There are very, very few of what might have previously been considered the intellectual elites who have emerged from the last three years with any semblance of an intact reputation. The vast majority are now seen for what they are – well polished but empty vessels. Some held their ground such as Peter Hitchens and we have been blessed that Neil Oliver has come to the fore and now stands as a beacon glaring across the mediocrities.
I suppose Jonathan Sumption dabbled but that was all he did.
What an indictment of our society.
I remember many moons ago seeing a large book on my uncle’s shelf with the title along the lines of ‘Know Your Rights – A Handbook’. I think it may have been published by Readers Digest or Which or some such. I remember thinking why would you need such a thing in this the best of all possible countries. As I said, that was a long time ago.
I would value such a manual now.

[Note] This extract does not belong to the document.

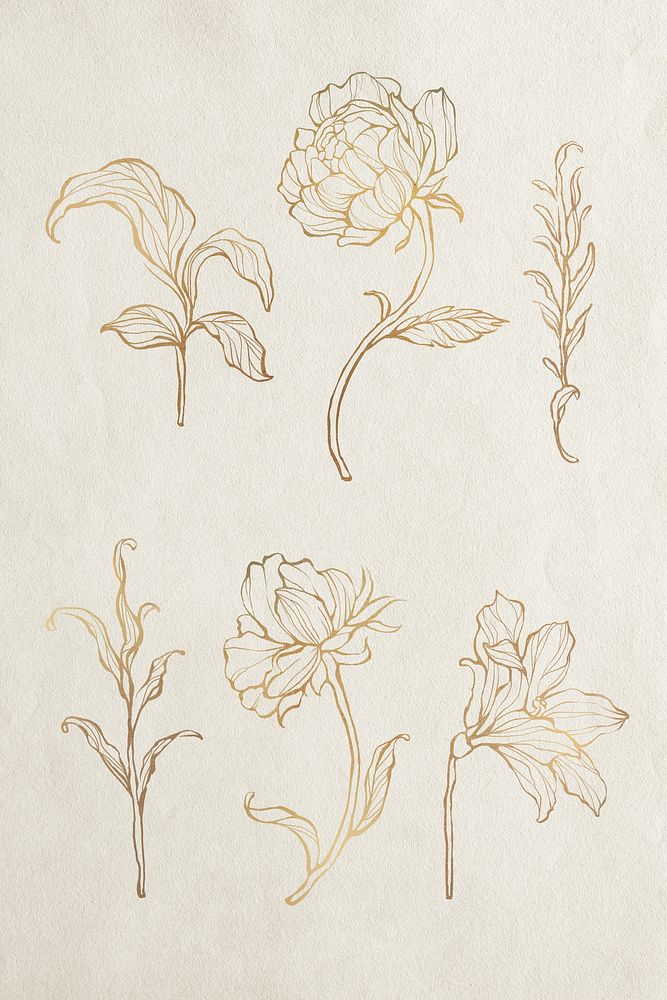 Gold floral outline set vector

It’s interesting that no such modern title exists when I scan the bookseller’s websites.
Is there such a publication?
*Thanks for the t-shirt replies: I thought the slogan ‘Safe and Effective?’ Might be thought provoking.
Yes indeed where were any of these organisations and lawyers when we were deprived of the most basic and fundamental of human rights covered in the Act, where were they when the various green/freedom/vaccine passes were introduced?, where were they when Government ministers Tony Blair etc called on for the unvaccinated to be sacked from their jobs, denied basic freedoms and demonised by these elites? where were the human rights lawyers then?, where were they when the population was coerced into medical experimentation for a product that was not tested?, where were they when the care home workers were thrown out of their jobs?

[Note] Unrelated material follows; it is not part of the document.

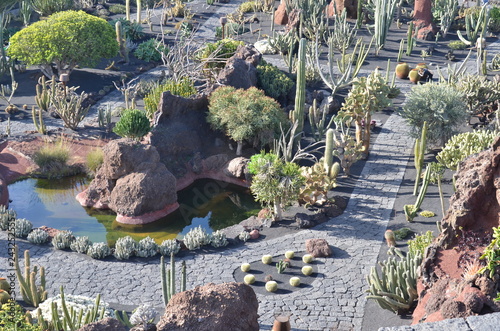 Fototapeta Naklejka Na Ścianę i Meble -  Giardino dei Cactus, Lanzarote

I rang several law firms who sign themselves as human rights advocates to take a case against the Government for harassment as I was unvaccinated and had as a result been visited by Government officials (wardens) at night, and then Police to make sure I wasnt leaving my home post a holiday for which I had had to take a test and was negative. Not one of the Lawyers were interested.

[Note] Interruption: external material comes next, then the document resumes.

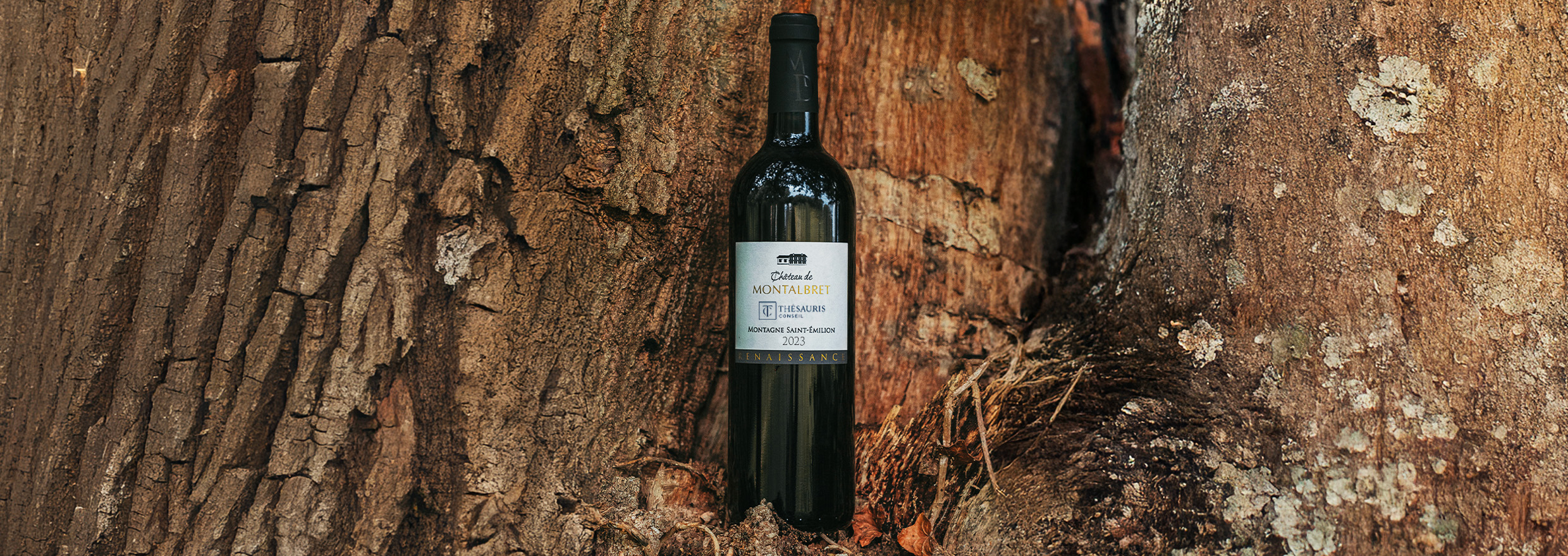 Montagne St Emilion Montalbret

The only Rights these Hypocrites are interested in are the rights to parade themselves on TV, in the MSM and to take monies from the various NGO’S they parasite off the back of.
I can only imagine if these same band had been around when it came to the reckoning with the Nazis at the end of WW2 we would probably have had the Mengeles, Eichmnans etc free and working in various senior positions.
The ECHR was constructed by the British as a tool to aid the keeping of peace in Europe after WW11 . It was never meant to be an excuse for the feckless and malcontents to traduce justice . Britain managed perfectly well before Blair and Straw decided that it needed to be incorporated into British Law in 1998 . From this point on , it has created injustice after injustice by protecting those who threaten the security of British Citizens . The above discussion exemplifies how its repeal is of interest only to those who have no concern for British rights and correctly points out that these parties were silent when our freedoms were removed by the Climate Act .
Our Rights are enshrined in the British Constitution (Magna Carta 1215) and protected by the Common Law – or should be if the former were not buried by tons of legislation and the latter overwritten by it.
The Human Rights Act gave us nothing we didn’t already have, but as it turns out we don’t have anything any more, just totalitarian Government.
Well exactly they weren’t custodians of anything they were pissing babies. It isn’t like we have the luxiry of time. We don’t have the luxury of acting like prats anymore like we have done for decades.
Another great piece by David. His articles are always spot on although I would have gone further and been less polite about these legal parasites that produce nothing for the common man while substantially lining their pockets.
They do not actually care about these migrants but they wish to virtue signal and create false sympathy while sucking on the milch cow of public and charitable funds.